Emerging markets are often defined by a series of indicators, such as stability of the political environment, degree of corruption, economic growth, physical infrastructure, social infrastructure, and maturity of civil society, that when taken together denote an economic growth trajectory and market opportunity.

Emerging markets are of great interest to large multinational corporations and other organizations with an international presence that have reached saturated growth in their traditional markets. These enterprises are looking for access to new markets, breakthroughs and innovation, access to local resources, market intelligence, speed to market, and sustainability of their market investment. Many of these organizations are also looking to emerging markets for growth of their global talent pools.

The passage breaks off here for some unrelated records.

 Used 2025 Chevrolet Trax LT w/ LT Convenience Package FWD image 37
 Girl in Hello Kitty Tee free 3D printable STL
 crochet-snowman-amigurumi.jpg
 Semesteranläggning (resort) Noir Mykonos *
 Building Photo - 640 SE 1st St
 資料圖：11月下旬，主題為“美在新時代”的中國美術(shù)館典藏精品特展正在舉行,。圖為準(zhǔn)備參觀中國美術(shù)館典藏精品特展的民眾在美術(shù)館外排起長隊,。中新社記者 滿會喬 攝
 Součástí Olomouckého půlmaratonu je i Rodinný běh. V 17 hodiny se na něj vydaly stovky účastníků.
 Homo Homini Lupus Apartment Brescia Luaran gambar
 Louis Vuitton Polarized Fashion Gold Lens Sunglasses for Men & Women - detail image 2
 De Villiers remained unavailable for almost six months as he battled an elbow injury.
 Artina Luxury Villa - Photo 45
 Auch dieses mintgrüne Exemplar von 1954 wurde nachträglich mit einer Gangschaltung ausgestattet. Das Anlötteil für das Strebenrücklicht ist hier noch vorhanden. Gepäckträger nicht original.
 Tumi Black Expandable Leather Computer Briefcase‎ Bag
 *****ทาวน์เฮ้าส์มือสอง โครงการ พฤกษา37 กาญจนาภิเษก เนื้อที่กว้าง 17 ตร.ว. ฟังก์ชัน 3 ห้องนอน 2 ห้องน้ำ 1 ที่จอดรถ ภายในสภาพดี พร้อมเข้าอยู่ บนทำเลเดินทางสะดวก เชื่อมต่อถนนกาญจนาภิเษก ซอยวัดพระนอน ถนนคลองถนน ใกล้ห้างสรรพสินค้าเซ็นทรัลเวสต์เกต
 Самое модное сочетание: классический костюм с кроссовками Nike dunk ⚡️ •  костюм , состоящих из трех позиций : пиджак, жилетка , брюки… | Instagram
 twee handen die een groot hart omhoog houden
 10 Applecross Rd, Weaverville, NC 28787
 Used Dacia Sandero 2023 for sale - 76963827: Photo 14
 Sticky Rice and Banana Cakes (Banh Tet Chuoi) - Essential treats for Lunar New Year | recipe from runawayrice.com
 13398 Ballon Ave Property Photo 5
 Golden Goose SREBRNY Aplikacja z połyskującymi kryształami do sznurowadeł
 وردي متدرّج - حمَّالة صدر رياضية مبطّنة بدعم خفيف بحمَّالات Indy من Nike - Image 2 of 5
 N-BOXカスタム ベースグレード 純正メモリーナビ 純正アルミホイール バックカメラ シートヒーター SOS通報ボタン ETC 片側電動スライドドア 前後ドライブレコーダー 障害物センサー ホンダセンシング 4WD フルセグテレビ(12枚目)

First, let's look at some of the baseline data on emerging markets. Emerging markets (arranged by geographic region) include India, China, Vietnam, and Indonesia (in Asia); Mexico and Brazil (in Latin America); Poland, Hungary, the Czech Republic, and Russia (in Central Europe); Turkey, Egypt, Saudi Arabia, Iraq, Iran, and eventually, Syria (in the Middle East); and South Africa, Nigeria, and Kenya (in Africa). Major growth areas (by market size) include China, India, Brazil, Central Europe, the Middle East, and Mexico.

The statistics on the growth of emerging markets are interesting, with 12 percent of emerging markets representing 73 percent of the developing world's gross national products; 60 percent of growth in the developing world's population through 2020 will be in China, Brazil, India, and Mexico. Significantly, new market relationships are forming between Brazil and China and between India and China.